A recent government baseline shift is no substitute for actual funding increases for communities hit hard by cuts to non-profit organizations in British Columbia.
When Premier Christy Clark first came to office in March 2011 there was a great deal of excitement that she might introduce a new type of politics to British Columbia that was less confrontational. She made a great start by providing an increase of $15 million to gaming grants for non-profit organizations throughout the province. This helped these organizations deal with a massive cut to grants that had occurred under the previous government run by Premier Gordon Campbell. Under the previous government grant allocations from gaming had dropped dramatically from $156 million to $120 million. Premier Clark and her government realized that this had a devastating impact on communities and dealt with the situation by increasing grant allocations by $15 million. Following a gaming grant review process led by Skip Triplett in August and September 2011 there was great hope that a solid planning process could be started.
An announcement made the Premier on January 11th brought great excitement. Many media organizations in British Columbia and across Canada ran stories stating that the government had increased funding by $15 million. Within 24 hours, Pete McMartin from the Vancouver Sun wrote an excellent analysis of the announcement which highlighted the fact that government had not made any actual increase that day. McMartin noted:
Words are a wonderful thing, and so is math, but to me, raising grant levels to $135 million from last year's $135 million does not constitute an "increase."

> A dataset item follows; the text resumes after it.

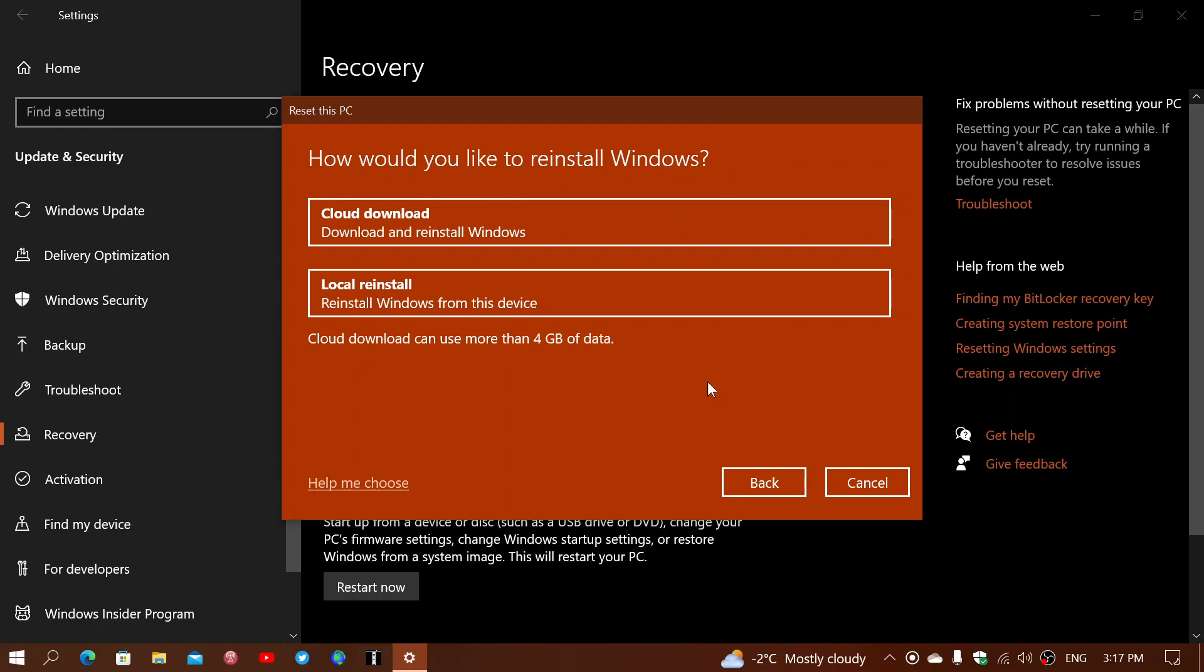Just download from the page of your model of PC the different drivers that they offer on the manufacturer website. But I can tell you, in the majority of cases, you don't need to do this at all.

There was a great deal of excitement generated by last week’s announcement especially for adult arts, cultural, sports, conservation and environmental organizations. However, to offset the increased number of eligible organizations now served by gaming grants there should have been some provision made by the government. It would have helped communities for the BC government to have actually increased total gaming grants upward by $8 million to accommodate these additional costs. This would have resulted in a baseline of $143 million this year with potential increases going forward in upcoming years. This is the missing piece in the puzzle that would greatly benefit families and communities throughout the province.